### Stored data:
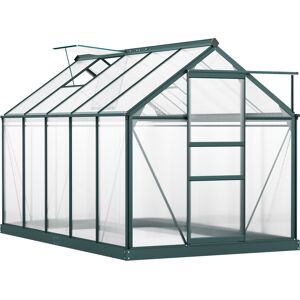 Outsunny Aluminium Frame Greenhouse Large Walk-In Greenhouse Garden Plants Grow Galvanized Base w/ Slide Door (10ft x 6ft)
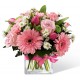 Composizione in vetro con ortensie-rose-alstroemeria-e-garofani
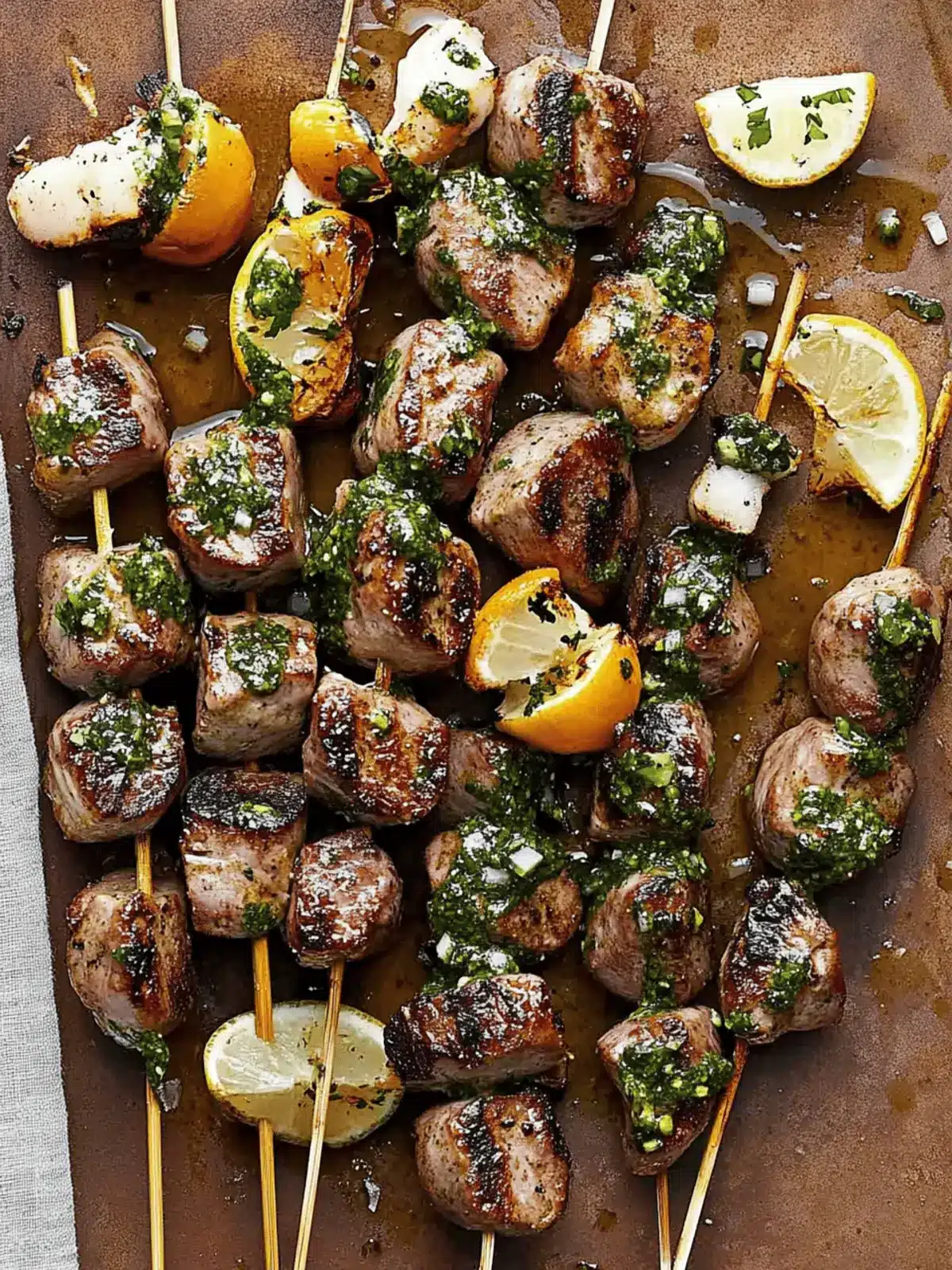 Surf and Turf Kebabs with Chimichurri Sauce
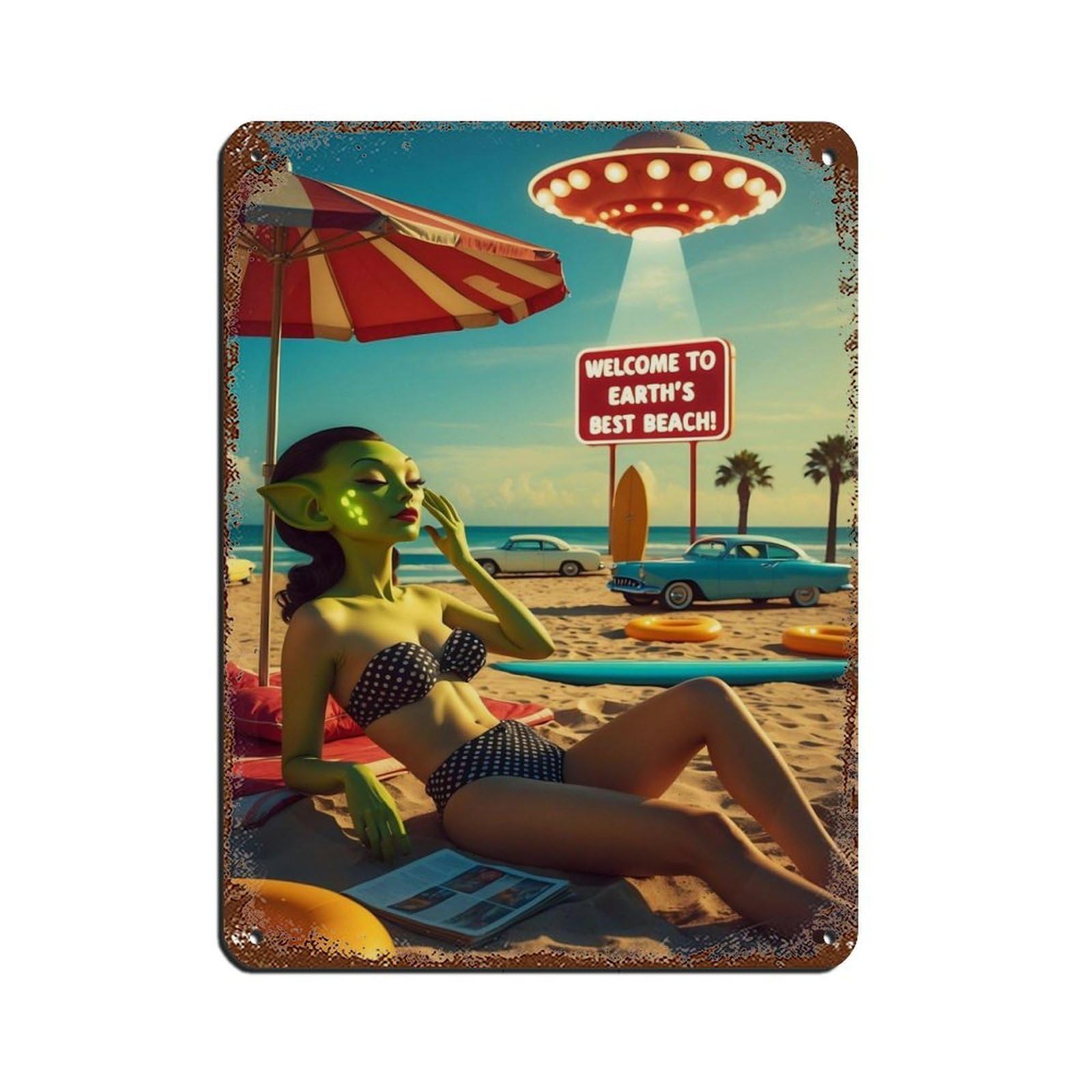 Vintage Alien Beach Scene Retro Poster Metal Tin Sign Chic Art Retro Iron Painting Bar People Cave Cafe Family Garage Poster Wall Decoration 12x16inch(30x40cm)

### Work required:
With pictures excluded, output the listing above exactly as it stands.

### Task response:
 Outsunny Aluminium Frame Greenhouse Large Walk-In Greenhouse Garden Plants Grow Galvanized Base w/ Slide Door (10ft x 6ft)
 Composizione in vetro con ortensie-rose-alstroemeria-e-garofani
 Surf and Turf Kebabs with Chimichurri Sauce
 Vintage Alien Beach Scene Retro Poster Metal Tin Sign Chic Art Retro Iron Painting Bar People Cave Cafe Family Garage Poster Wall Decoration 12x16inch(30x40cm)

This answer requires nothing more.